Difficile de parler de rentabilité avec un concessionnaire Opel. Il s’agit, en effet, d’une notion très relative pour le réseau de la marque à l’éclair. « En résultat courant avant impôt et hors CICE, le premier semestre a été déficitaire », convient Marc Bruschet, président du Groupement national des concessionnaires Opel (GNCO) et opérateur de la marque à Avignon et à Carpentras (84). Une situation liée notamment au modèle phare, la Corsa : « Elle est en fin de vie, sa position commerciale est maintenue uniquement par le prix. Et lorsque l’on revoit le tarif à la baisse, forcément, le concessionnaire cotise », explique habilement le président du GNCO.

Les bonnes ventes du Mokka, un modèle qui a redonné des couleurs aux finances des distributeurs, ne suffiraient pas à compenser les rabais octroyés sur la polyvalente. De surcroit, avec un secteur de l’après-vente qui subit « une érosion tendancielle du chiffre d’affaires », selon M. Bruschet, ainsi qu’un afflux de VD qui nuit aux marges sur les VN, la position des concessionnaires Opel à l’heure actuelle n’est pas des plus confortables. Il n’empêche. L’avenir parait toujours plus prometteur que le présent, surtout lorsque l’on intègre un groupe comme PSA.
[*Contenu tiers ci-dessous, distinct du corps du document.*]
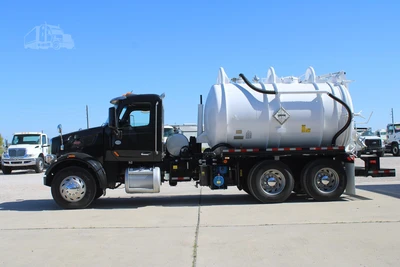 Used 2019 PETERBILT 567 Tractors & Trailers Texas US | Roll Off Truck World #1486370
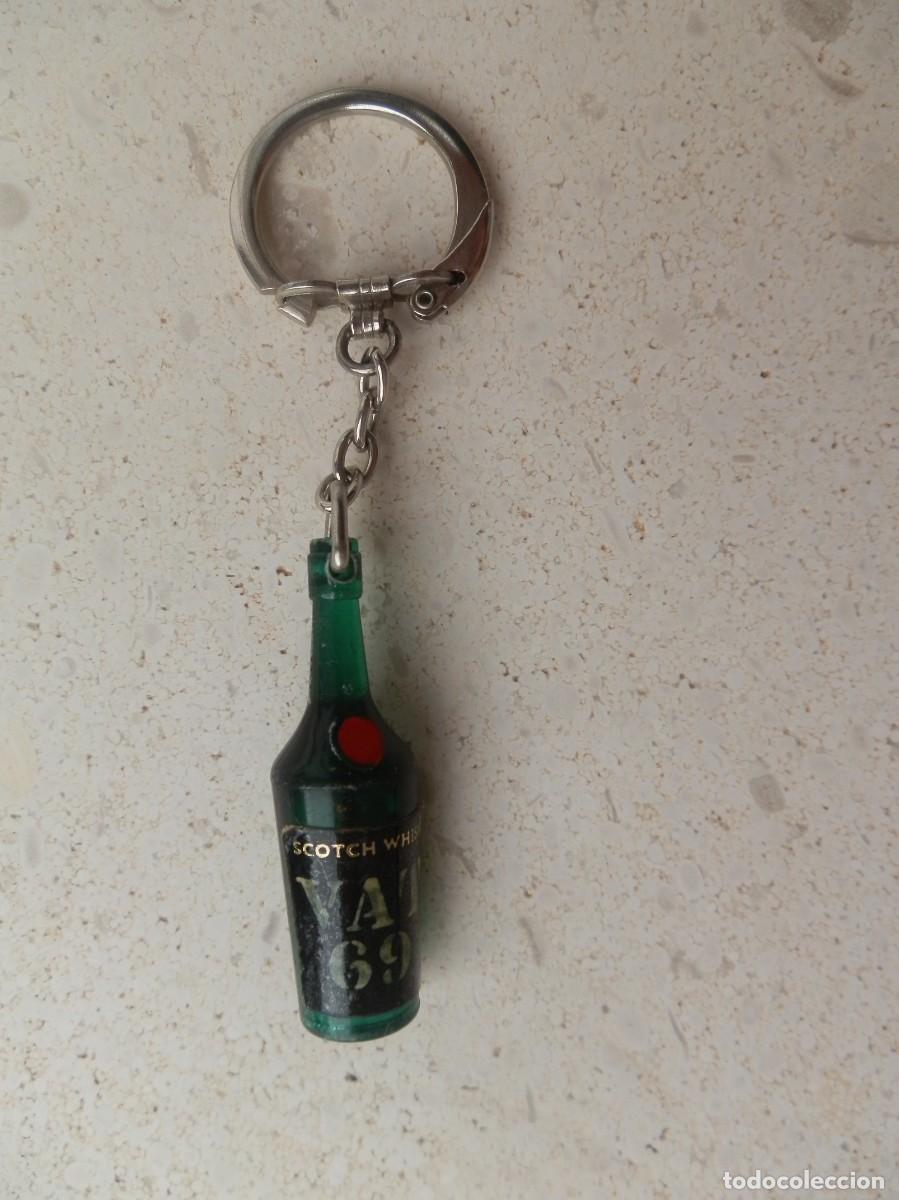 Coleccionismo de llaveros: Llavero publicitario vintage con forma de minibotella de whisky VAT 69, a&ntilde;os 60.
De l’autopartage sur les parkings des concessions


Ainsi, au second semestre, les nouveaux SUV Opel vont être disponibles dans tous les points de vente : Grandland et Crossland devraient permettre aux opérateurs de faire de la conquête grâce à des produits dans l’air du temps, pourvu que les moteurs à essence soient suffisamment disponibles. D’autre part, l’entrée effective d’Opel dans le giron de PSA est une opportunité pour Eric Wepierre, le président de la marque en France, qui se veut optimiste pour l’avenir : « Nous entrons dans une nouvelle famille qui a envie de nous aider, et qui comprend bien nos difficultés ainsi que le marché européen », fait-il savoir aux concessionnaires Opel, réunis à Amsterdam pour leur congrès annuel. Eric Wepierre ne voit en effet que des complémentarités entre les différentes marques du groupe, donc aucun phénomène de « cannibalisation » entre les modèles… même si le Grandland X est un Peugeot 3008 rebadgé.

Surtout il enjoint le réseau à devenir des « fournisseurs de mobilité partagée » : « Il va falloir changer votre approche et votre business model », prévient-il. Mais les concessionnaires auraient déjà quelques atouts dans leurs manches : « Opel Rent, c’est un pied dans les nouvelles mobilités », considère le président d’Opel France. Avant de proposer aux membres du réseau d’utiliser éventuellement leurs grands parkings « pour faire de l’autopartage »… En attendant ces grands changements, Marc Bruschet s’attend à une année 2017 « à l’équilibre, guère au-delà » pour ce qui est des finances des distributeurs.